## [Problem to solve]
The complete set of records should be given again verbatim.

---------- Source data

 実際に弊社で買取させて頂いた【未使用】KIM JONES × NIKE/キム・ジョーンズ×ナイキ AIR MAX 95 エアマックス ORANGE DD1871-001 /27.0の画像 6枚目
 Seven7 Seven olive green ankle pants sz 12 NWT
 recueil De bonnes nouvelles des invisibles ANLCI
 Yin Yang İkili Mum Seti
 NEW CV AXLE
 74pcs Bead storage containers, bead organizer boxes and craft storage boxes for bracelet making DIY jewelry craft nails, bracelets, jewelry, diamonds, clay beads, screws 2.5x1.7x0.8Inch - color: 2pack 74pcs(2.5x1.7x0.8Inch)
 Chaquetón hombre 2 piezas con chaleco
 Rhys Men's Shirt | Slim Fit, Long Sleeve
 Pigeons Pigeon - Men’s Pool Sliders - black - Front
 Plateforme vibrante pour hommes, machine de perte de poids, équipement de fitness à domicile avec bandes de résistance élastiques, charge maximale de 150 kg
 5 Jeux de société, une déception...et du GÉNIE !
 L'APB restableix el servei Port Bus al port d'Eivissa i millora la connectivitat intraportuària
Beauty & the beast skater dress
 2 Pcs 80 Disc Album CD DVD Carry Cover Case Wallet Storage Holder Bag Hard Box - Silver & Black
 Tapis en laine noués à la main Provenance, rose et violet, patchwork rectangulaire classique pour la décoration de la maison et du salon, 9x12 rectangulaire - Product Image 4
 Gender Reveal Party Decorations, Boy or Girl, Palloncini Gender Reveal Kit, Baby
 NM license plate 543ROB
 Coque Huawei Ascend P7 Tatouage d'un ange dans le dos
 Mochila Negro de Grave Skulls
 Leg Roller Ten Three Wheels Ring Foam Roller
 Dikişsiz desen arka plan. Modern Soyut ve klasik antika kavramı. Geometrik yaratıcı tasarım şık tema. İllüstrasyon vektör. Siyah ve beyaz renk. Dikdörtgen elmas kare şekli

--------------------

## [The completed task]
 実際に弊社で買取させて頂いた【未使用】KIM JONES × NIKE/キム・ジョーンズ×ナイキ AIR MAX 95 エアマックス ORANGE DD1871-001 /27.0の画像 6枚目
 Seven7 Seven olive green ankle pants sz 12 NWT
 recueil De bonnes nouvelles des invisibles ANLCI
 Yin Yang İkili Mum Seti
 NEW CV AXLE
 74pcs Bead storage containers, bead organizer boxes and craft storage boxes for bracelet making DIY jewelry craft nails, bracelets, jewelry, diamonds, clay beads, screws 2.5x1.7x0.8Inch - color: 2pack 74pcs(2.5x1.7x0.8Inch)
 Chaquetón hombre 2 piezas con chaleco
 Rhys Men's Shirt | Slim Fit, Long Sleeve
 Pigeons Pigeon - Men’s Pool Sliders - black - Front
 Plateforme vibrante pour hommes, machine de perte de poids, équipement de fitness à domicile avec bandes de résistance élastiques, charge maximale de 150 kg
 5 Jeux de société, une déception...et du GÉNIE !
 L'APB restableix el servei Port Bus al port d'Eivissa i millora la connectivitat intraportuària
Beauty & the beast skater dress
 2 Pcs 80 Disc Album CD DVD Carry Cover Case Wallet Storage Holder Bag Hard Box - Silver & Black
 Tapis en laine noués à la main Provenance, rose et violet, patchwork rectangulaire classique pour la décoration de la maison et du salon, 9x12 rectangulaire - Product Image 4
 Gender Reveal Party Decorations, Boy or Girl, Palloncini Gender Reveal Kit, Baby
 NM license plate 543ROB
 Coque Huawei Ascend P7 Tatouage d'un ange dans le dos
 Mochila Negro de Grave Skulls
 Leg Roller Ten Three Wheels Ring Foam Roller
 Dikişsiz desen arka plan. Modern Soyut ve klasik antika kavramı. Geometrik yaratıcı tasarım şık tema. İllüstrasyon vektör. Siyah ve beyaz renk. Dikdörtgen elmas kare şekli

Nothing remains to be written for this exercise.